Objective: The basic principles of green chemistry addresses various issues related to synthesis of chemical compounds: planning organic synthesis to maximise yield, prevention/minimization of waste, atom economy, the use of less lethal chemicals, use of safer solvents, renewable starting materials, energy efficiency and use of green catalysts. The objective of this study is to elaborate the practical approach of green methods.

Methods: In this paper, we elucidate some important common syntheses having green procedures which can be used in the fields of pharmaceutical chemistry and other fields as well.
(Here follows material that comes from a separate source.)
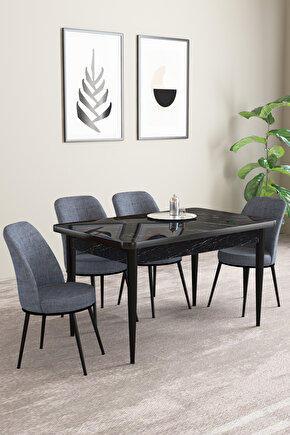 Emila Siyah Mermer Desen 70x110 Sabit Mutfak Masası 4 Adet Sandalye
Results: Green chemistry principles follow up to reduce pollution and environmental degradation by utilizing eco-friendly, non-hazardous, reproducible and efficient solvents and catalysts in the synthesis of drug molecules, drug intermediates and in researches involving synthetic chemistry. The paper also approaches green methods in which microwave radiation can be used as an energy efficient tool.

Conclusion: Experimental procedures are gathered from educational journals and laboratory manuals and are viewed in the light of efficacy of green chemistry principles.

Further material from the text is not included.